I. О ХУДОЖЕСТВЕННОМ ОБОБЩЕНИИ

В начале первой главы, описывая приезд Чичикова в город NN, повествователь замечает: «Въезд его не произвел в городе совершенно никакого шума и не был сопровожден ничем особенным; только два русские мужика, стоявшие у дверей кабака против гостиницы, сделали кое-какие замечания, относившиеся, впрочем, более к экипажу, чем к сидевшему в нем».

Определение «русские мужики» кажется здесь несколько неожиданным. Ведь с первых слов поэмы ясно, что ее действие происходит в России, следовательно, пояснение «русский», по крайней мере, тавтологично. На это первым в научной литературе обратил внимание С. А. Венгеров. «Какие же другие могли быть мужики в русском губернском городе? Французские, немецкие?.. Как могло зародиться в творческом мозгу бытописателя такое ничего не определяющее определение»?"

Обозначение национальности проводит черту между рассказчиком-иностранцем и чуждым ему местным населением, бытом, обстановкой и т. д. В аналогичной ситуации, считает Венгеров, находился автор «Мертвых душ» по отношению к русской жизни, «…русские мужики» бросают яркий свет на основу отношения Гоголя к изображаемому им быту как к чему-то чуждому, поздно узнанному и потому бессознательно этнографически окрашенному".
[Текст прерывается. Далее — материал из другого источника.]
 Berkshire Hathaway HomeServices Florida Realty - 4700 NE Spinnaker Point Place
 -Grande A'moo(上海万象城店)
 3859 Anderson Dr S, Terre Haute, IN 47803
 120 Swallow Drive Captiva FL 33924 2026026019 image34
Позднее об этом же определении писал А. Белый: «два русские мужика… для чего русские мужика?» Какие же, как не русские? Не в Австралии ж происходит действие!

Прежде всего нужно отметить, что определение «русский» выполняет обычно у Гоголя характерологическую функцию. И в прежних его произведениях оно возникало там, где с формальной стороны никакой надобности в этом не было. «…Одни только бабы, накрывшись полами, да русские купцы под зонтиками, да кучера попадались мне на глаза» («Записки сумасшедшего»). Здесь, правда, определение «русские», возможно, понадобилось и для-отличения от иностранных купцов, бывавших в Петербурге ". Зато в следующих примерах выступает уже чистая характерология. «Иван Яковлевич, как всякий порядочный русский мастеровой, был пьяница страшный» («Нос»), То, что Иван Яковлевич русский, предельно ясно; определение лишь подкрепляет, «мотивирует» характерологическое свойство. Такова же функция определения в следующем примере: «…Торговки, молодые русские бабы, спешат по инстинкту, чтобы послушать, о чем калякает народ» («Портрет»).
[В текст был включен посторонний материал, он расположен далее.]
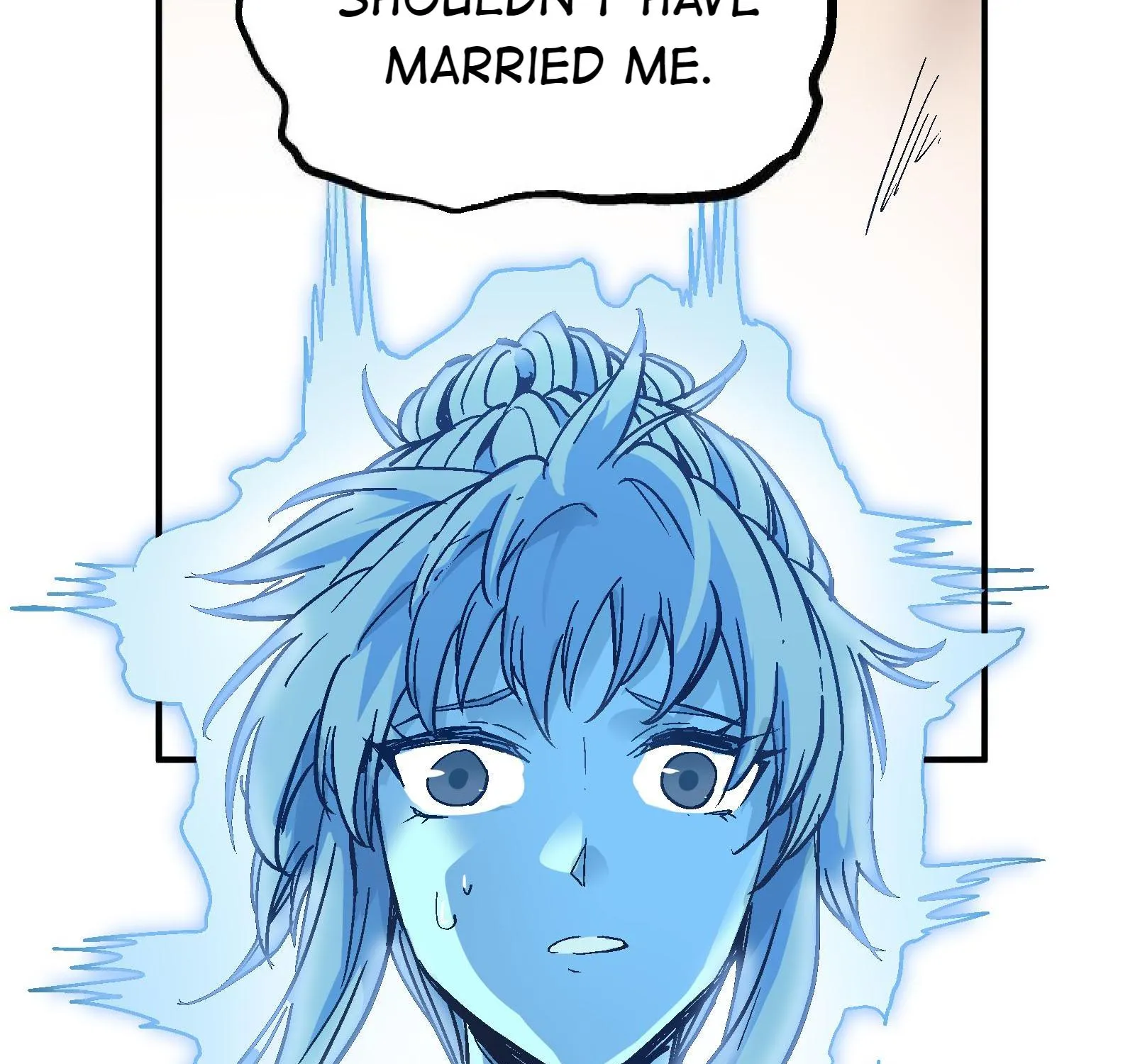 Xiu Tu Chapter 94 page 91 - 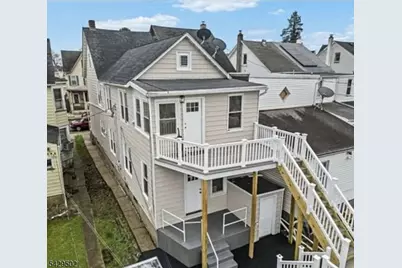 31 Glen Ave #Top, Phillipsburg, NJ 08865 - Photo 1
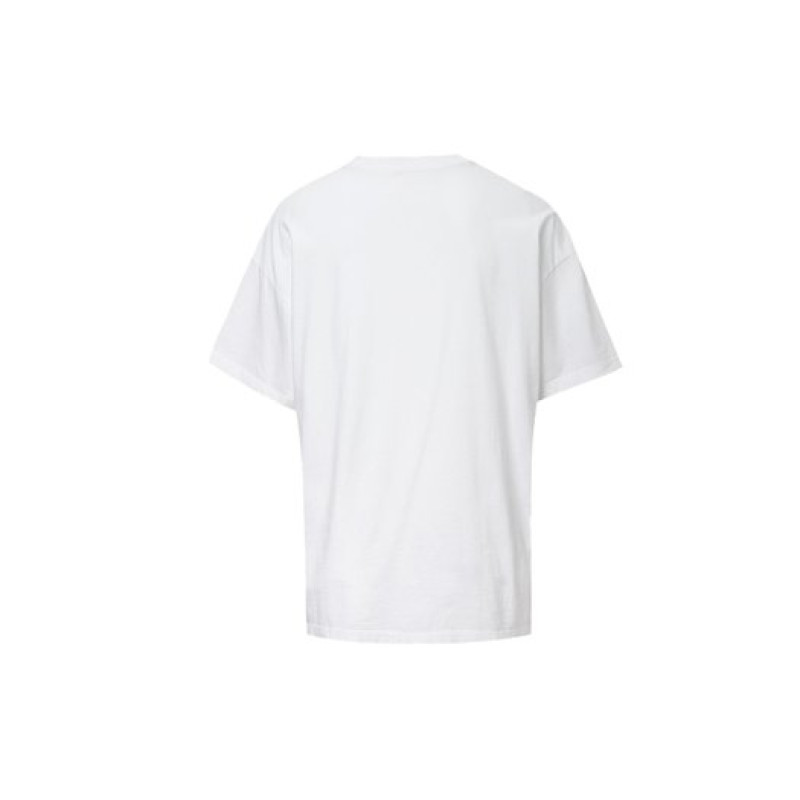 Converse T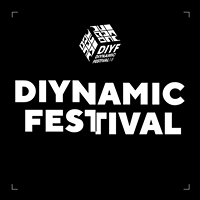 Diynamic London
А вот и «русские мужики»: «По улицам плетется нужный народ: иногда переходят ее русские мужики, спешащие на работу…», «Русский мужик говорит о гривне или о семи грошах меди…» («Невский проспект»).

Гоголевское определение «русский» — как постоянный эпитет, и если последний кажется стертым, необязательным, то это проистекает из его повторяемости.
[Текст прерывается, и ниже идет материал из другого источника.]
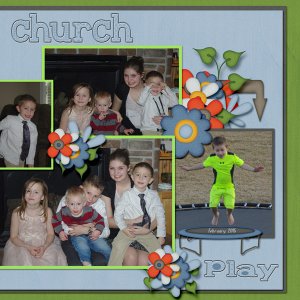 2-Case_church_2015_small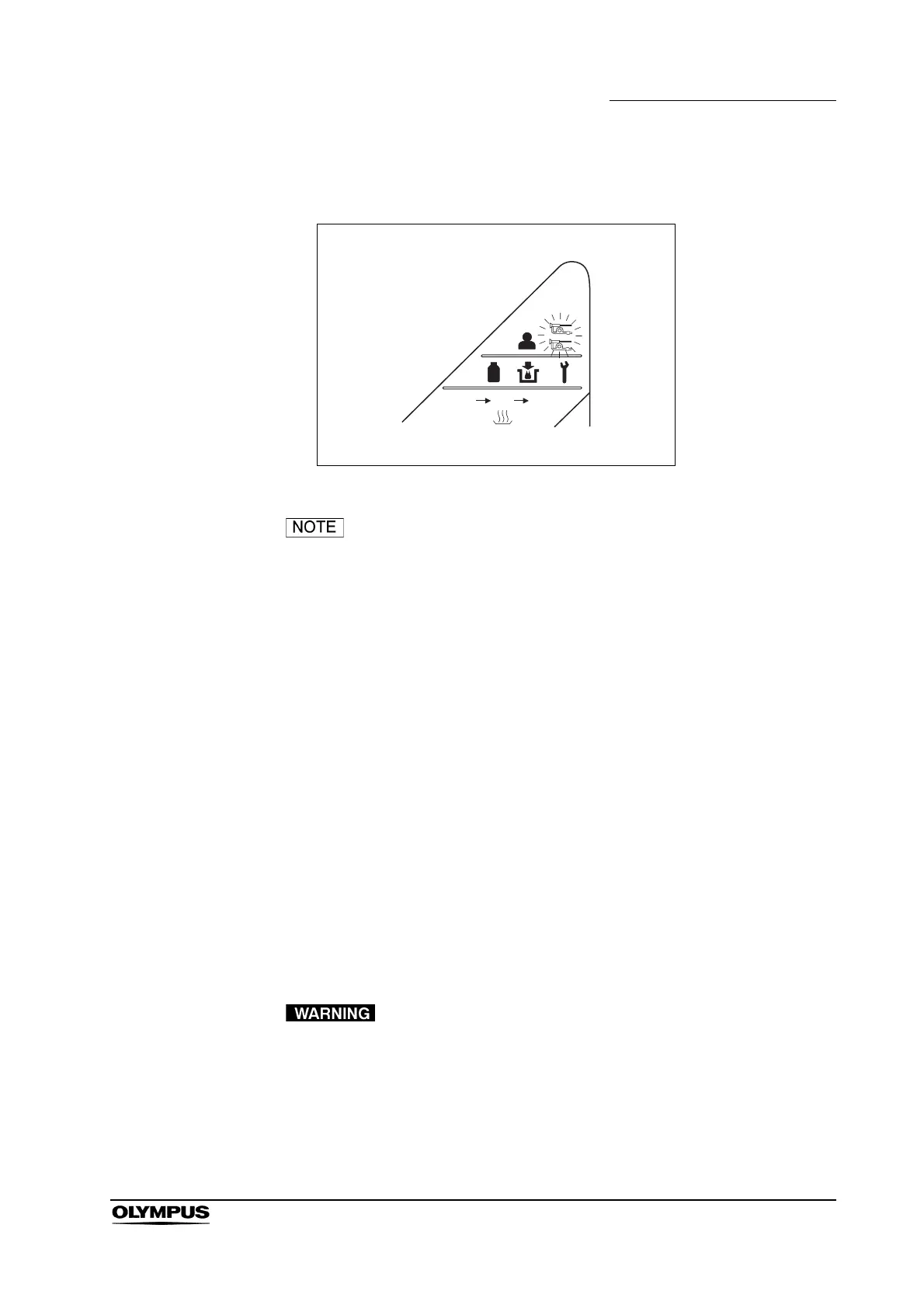 Page #93 background image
В «Мертвых душах» определение «русский» включено в систему других сигналов, реализующих точку зрения поэмы.

Касаясь в одном из писем Плетневу (от 17 марта 1842 г.) тех причин, по которым он может работать над «Мертвыми душами» лишь за границей, Гоголь обронил такую фразу: «Только там она (Россия.— Ю. М.) предстоит мне вся, во всей своей громаде».

Для каждого произведения, как известно, важен угол зрения, под которым увидена жизнь и который подчас определяет мельчайшие детали письма. Угол зрения в «Мертвых душах» характерен тем, что Россия открывается Гоголю в целом и со стороны. Со стороны — не в том смысле, что происходящее в ней не касается писателя, а в том, что он видит Россию всю, во всей ее «громаде».

В данном случае художественный угол зрения совпал, так сказать, с реальным (то есть с тем, что Гоголь действительно писал «Мертвые души» вне России, смотря на нее из своего прекрасного «далека»). Но суть дела, конечно, не в совпадении. Читатель мог и не знать о реальных обстоятельствах написания поэмы, но все равно он чувствовал положенный в ее основу «общерусский масштаб».

Это легко показать на примере чисто гоголевских оборотов, которые можно назвать формулами обобщения. Первая часть формулы фиксирует конкретный предмет или явление; вторая (присоединяемая с помощью местоимений «какой», «который» и т. д.) устанавливает их место в системе целого.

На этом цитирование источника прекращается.